Constructs for the deletion mutation of nifJ encoding the pyruvate:flavodoxin/ferredoxin oxidoreductase (PFOR) (sll0741), petH encoding the FNR (slr1643), the different ferredoxins (ssl0020, sll1382, slr0150, and slr1828), and isiB encoding the flavodoxin (sll0248) were made by a PCR fusion method as described (30). The primers used are shown in Table 2. The respective constructs were either cloned into pCRII-TOPO (Invitrogen) or pGEM-T (Promega). Mutants were checked by PCR and Southern hybridization (30). The mutant of the ferredoxin:NADP reductase (fnr/Δfnr) was segregated on 10 mm glucose, 10 μm 3-(3,4-dichlorophenyl)-1,1-dimethylurea, and 5 μE light.

TABLE 2
Primers used for the construction of deletion constructs to delete nifJ encoding the PFOR (sll0741), petH encoding the FNR (slr1643), the different ferredoxins (ssl0020, sll1382, slr0150, and slr1828), and isiB encoding the flavodoxin (sll0248) of Synechocystis ...

Growth Conditions

For hydrogen measurements, fnr/Δfnr mutant and WT were grown on BG-11 medium with 10 mm glucose for comparison. Conditions for growth measurements were as described (23, 30). If BG-110 medium was used it was supplemented with 5 mm arginine and 10 mm glucose. The cultures were grown in a light-dark (12-h:12-h) cycle. They were bubbled with air in the light.

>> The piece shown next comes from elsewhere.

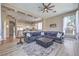 Open living area connects to kitchen; features large couch, contemporary design at 5855 Boulder Brook Ct, Las Vegas, NV 89149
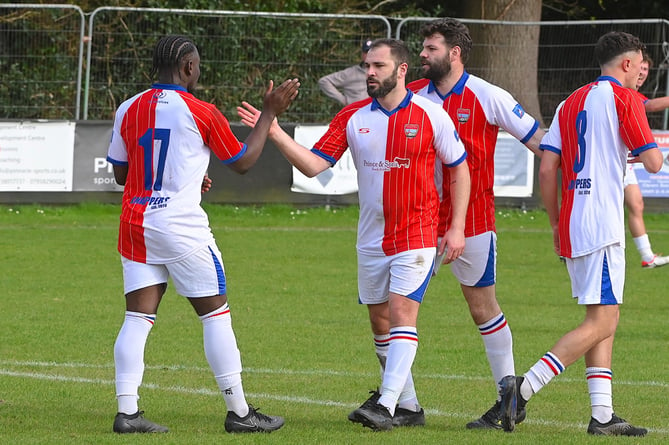 Jose Sani celebrates his goal with Tom Drinkwater, Knaphill v Colliers Wood United, April 13th 2024.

At the onset of darkness cultures were sparged 15 min with N2 gas to induce anaerobiosis without further bubbling during the rest of the dark phase.

RESULTS

Determination of the Redox Partner of the Bidirectional NiFe-hydrogenase in Vitro

The hydrogenase of Synechocystis was purified as already described (19) and subjected to different electron donors. Hydrogen was only produced upon addition of dithionite-reduced MV, whereas all natural electron carriers as NADH, NADPH, reduced flavodoxin, and reduced ferredoxin failed. As analysis of the purified hydrogenase in our laboratory revealed substoichiometric levels of HoxE (19) we concluded that the holoenzyme is not intact. Therefore, we decided to use cell-free extracts to measure the enzyme as closely as possible to its native form.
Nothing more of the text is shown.